Se perfino la severa Moody's ha promosso l'Italia, allora vuol dire che il lavoro fatto dal governo per conquistare la fiducia dei mercati sta dando i suoi frutti. L'agenzia statunitense Bloomberg ieri ha sottolineato il risultato definendolo come una «grande vittoria» della premier Giorgia Meloni. Allo stesso modo, Reuters ha scritto di una «spinta inaspettata» all'esecutivo. Questo vale molto, ed è un termometro di quello che ci si potrà aspettare domani alla riapertura dei mercati per il peso che queste agenzie di stampa hanno sempre avuto sugli investitori. Aria fresca per i nostri titoli di Stato, a rinforzo di uno spread (il differenziale di rendimento tra i titoli di Stato italiani e quelli tedeschi) che si era raffreddato nelle ultime settimane a 176 punti dal picco di 209 raggiunto a ottobre.

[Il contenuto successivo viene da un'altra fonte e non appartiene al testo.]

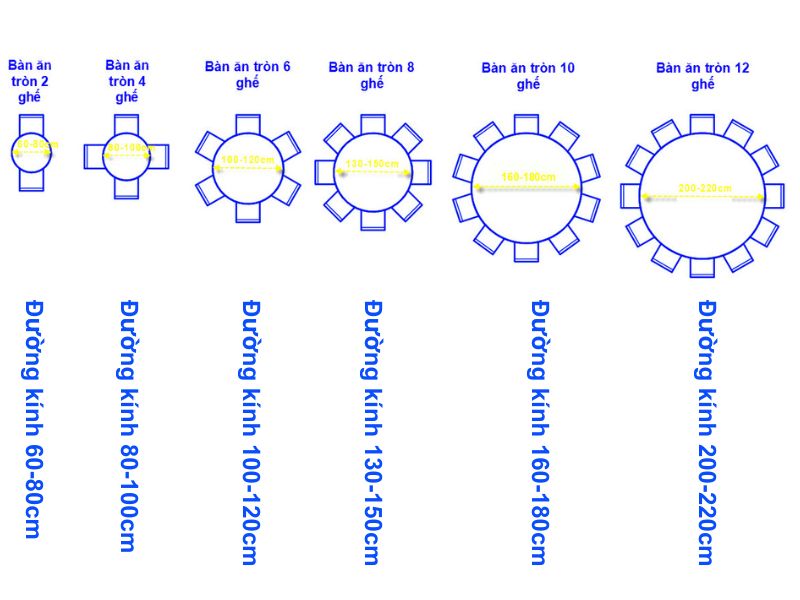 Kích thước bàn ăn tròn Kích thước bàn ăn tròn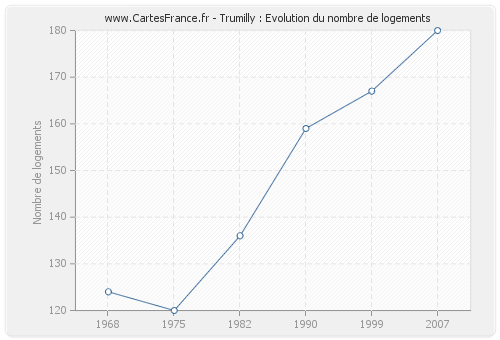 Trumilly : Evolution du nombre de logements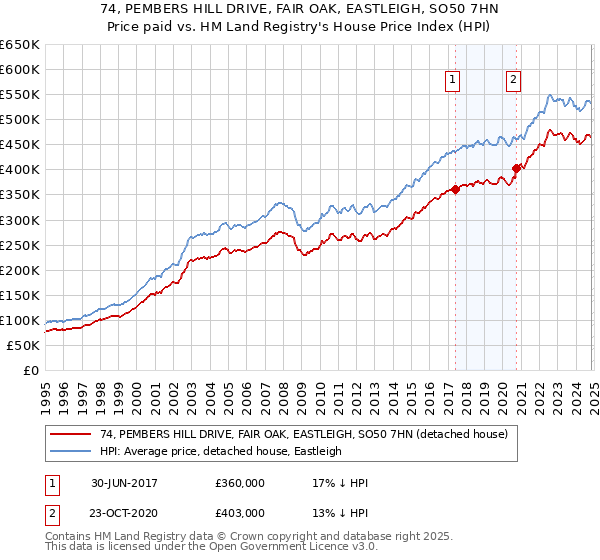 74, PEMBERS HILL DRIVE, FAIR OAK, EASTLEIGH, SO50 7HN: Price paid vs HM Land Registry's House Price Index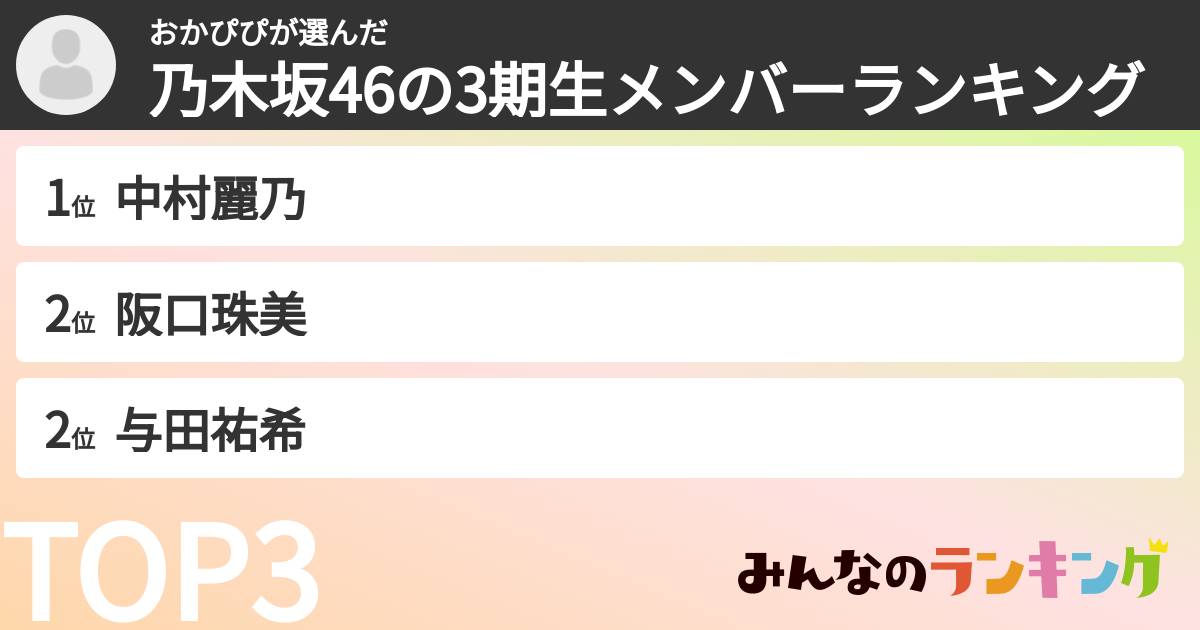おかぴぴさんの「乃木坂46の3期生メンバーランキング」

Dopo le conferme sul nostro merito creditizio di altre importanti agenzie di rating come S&P, Fitch e Dbrs, quindi, tutta l'elite internazionale sembra essersi accorta della manovra prudente dell'Italia e dei progressi fatti. La stessa Moody's ha dovuto ricredersi, proprio lei che aveva peggiorato le prospettive sul Paese dopo la caduta del governo Draghi. L'agenzia ha apprezzato gli sforzi per differenziare l'approvvigionamento del gas, ma anche la forza del settore bancario italiano che è «migliorato significativamente». Sono sotto gli occhi di tutti, infatti, i profitti miliardari realizzati dalle più grandi banche, che per il momento rimangono scariche di crediti deteriorati e hanno un'elevata capitalizzazione. Anche grazie a una legge varata dal governo che le porterà a fare maggiori accantonamenti. Questo rende gli istituti di credito capaci di resistere agli choc e, anche, di poter sostenere maggiormente l'economia nel caso questa dovessere impantanarsi. Su questo punto, infatti, il centro studi di Confindustria ieri ha scritto di un «Pil fermo nel terzo trimestre» e di indicatori che all'inizio del quarto trimestre vedono «l'attività nei servizi in lieve calo, come nell'industria». Ma, evidentemente, Moody's nel rivedere le prospettive sulla solvibilità del debito da «negative» a «stabili» ha ritenuto che il Paese abbia spalle abbastanza larghe per attraversare l'attuale fase di rallentamento dell'economia e la capacità di centrare l'obiettivo di «ridurre il deficit nei prossimi anni» per controllare «la traiettoria del debito». Un'apertura di credito non scontata, dal momento che Moody's è l'agenzia con la valutazione meno positiva sulla solvibilità dell'Italia (all'ultimo gradino degli emittenti più affidabili). Si temeva potesse declassarla, facendola finire nel girone dei debitori meno solidi e uscire dal radar di investimento dei grandi fondi internazionali, una vera iattura per i nostri Btp. Invece Moody's non solo non ha declassato il Paese, ma l'ha tolto da una pericolosa zona retrocessione.
Ieri intanto è stata la giornata delle reazioni soddisfatte all'interno della maggioranza. «Alla faccia dei gufi l'Italia corre e quest'anno crescerà più della Germania», ha commentato il vicepremier Matteo Salvini.
Il giudizio «positivo di Moody's conferma che la strada intrapresa dal Governo è corretta», ha affermato invece il ministro degli Esteri, Antonio Tajani, «ma non basta, dobbiamo continuare seguendo l'impostazione che ci porta a seguire rigore e attenzione alla Spesa pubblica».